Shortest Paths
1. Problem Variants
- Single-source shortest path (SSSP)
- Single-pair shortest path
- All-pairs shortest path (APSP)
2. Unweighted Graphs: BFS
BFS computes shortest path in edge count.
Invariant
When node is first dequeued, recorded distance is minimal.
Complexity: O(V+E).
3. Nonnegative Weights: Dijkstra
Greedy strategy using priority queue.
Invariant
When vertex u is extracted with minimum tentative distance, dist[u] is final.
Requires all edge weights >=0.
Complexity: O((V+E)logV) with binary heap.
4. Negative Weights: Bellman-Ford
Relax all edges V-1 times.
Theorem
After k rounds, shortest paths with at most k edges are correct.
Extra round detects negative cycles.
Complexity: O(VE).
5. Floyd-Warshall (APSP)
Dynamic programming: dist[i][j][k] uses intermediate vertices from set {1..k}.
Complexity: O(V^3), space O(V^2).
6. Algorithm Selection Guide
flowchart TD
A[Need shortest paths] --> B{Weighted?}
B -- No --> C[BFS]
B -- Yes --> D{Any negative edges?}
D -- No --> E[Dijkstra]
D -- Yes --> F[Bellman-Ford]
A --> G{All pairs needed?}
G -- Yes --> H[Floyd-Warshall]
7. Worked Example (Dijkstra)
Graph edges: - S->A(1), S->B(4), A->B(2), A->C(6), B->C(3)

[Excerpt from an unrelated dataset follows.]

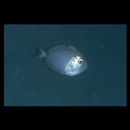 Acanthurus mata (Cuvier, 1829)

Dijkstra from S: - start dist[S]=0 - settle A with 1 - relax B to 3 via A - settle B with 3 - relax C to 6 via B Result: shortest to C is 6.
Exercises
- Show failure case of Dijkstra with negative edge.
- Implement path reconstruction using
parent[]. - Compare adjacency matrix vs list implementation costs.
- Run Bellman-Ford and detect a negative cycle in sample graph.
Summary
Shortest path algorithms are selected by graph properties, not by habit. Weight sign and query type determine correct algorithmic choice.